Off stage, Jame$ has aligned himself with the burgeoning local movement/branding campaign #NewAtlanta — so named because it started as a hashtag on Twitter. Simply put, it's a loose collective of like-minded artists, musicians, and creative types advocating for artistic growth within a younger Atlanta scene. Others affiliated with #NewAtlanta include singer/songwriter Spree Wilson, production team the Flush, clothing designer Chilly O, and local hip-hop outfit Two9. It's still a nebulous distinction, but #New Atlanta gives a name to everything from the artists' creative endeavors to some participants' hosting of food drives for the homeless on Sunday afternoons. Perhaps Jame$ says it best: "What #NewAtlanta means to me is that the new guys are in town. New musicians, tattoo artists, and creative people," he says. "We're recycling culture a little, but we're giving it a new format."
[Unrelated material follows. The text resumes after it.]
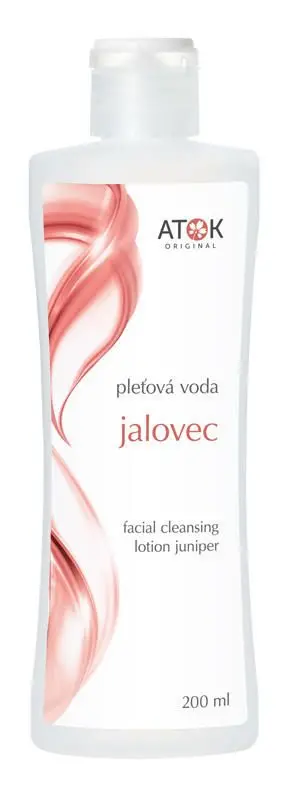 Pleťová voda Jalovec Atok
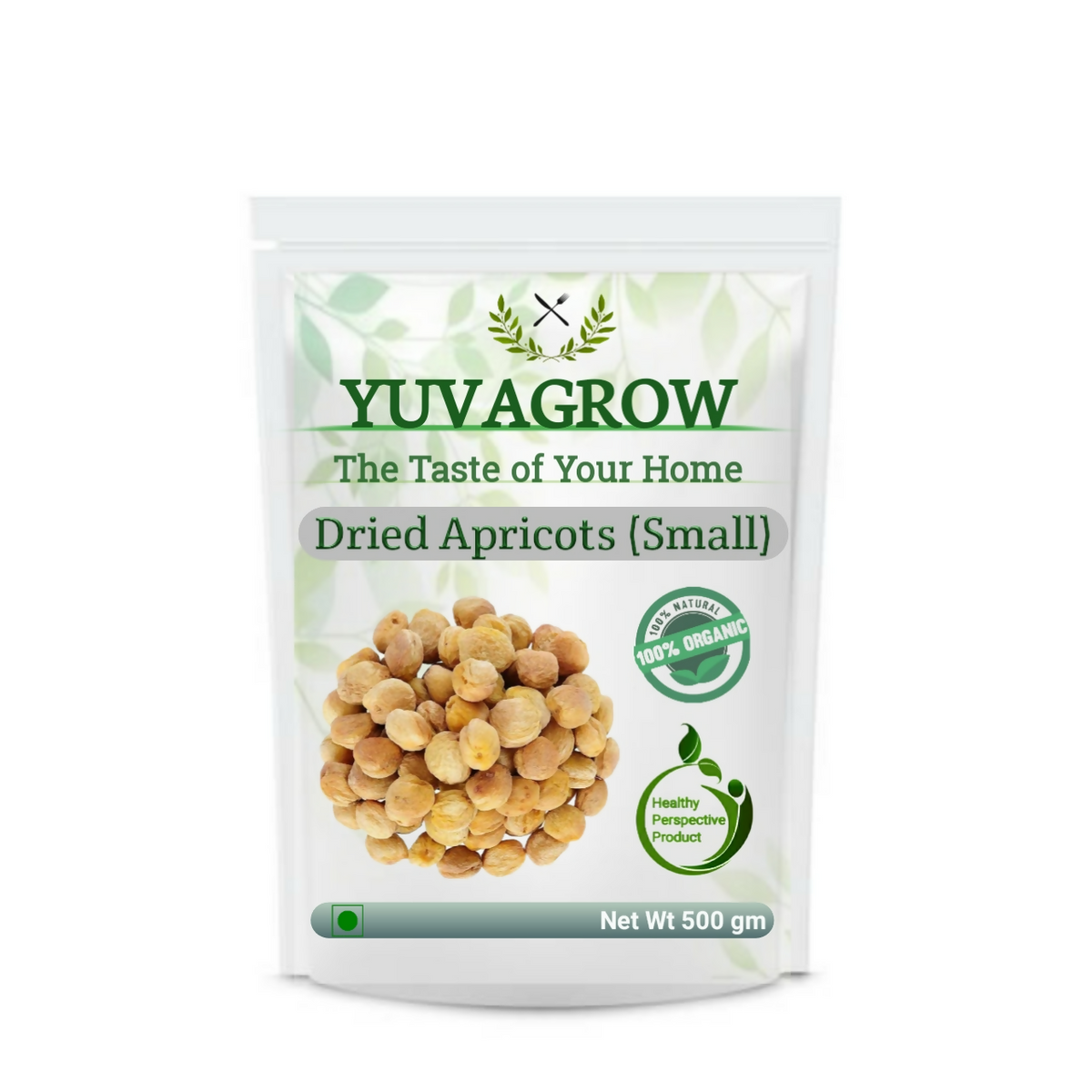 Yuvagrow Dried Apricots (Small)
Now that he's signed a hefty deal with Def Jam, it's time for Jame$ to live up to the hype. The coming year will be all about playing more shows, hustling, making videos, and letting the songs that have carried him this far keep pushing him along. "This whole thing is obviously about more than one song," he says. "I just want to keep it going." No word yet on when his follow-up will be released. In the meantime, Don't Be S.A.F.E. is less than a year old — there's still plenty of gold to polish on his debut.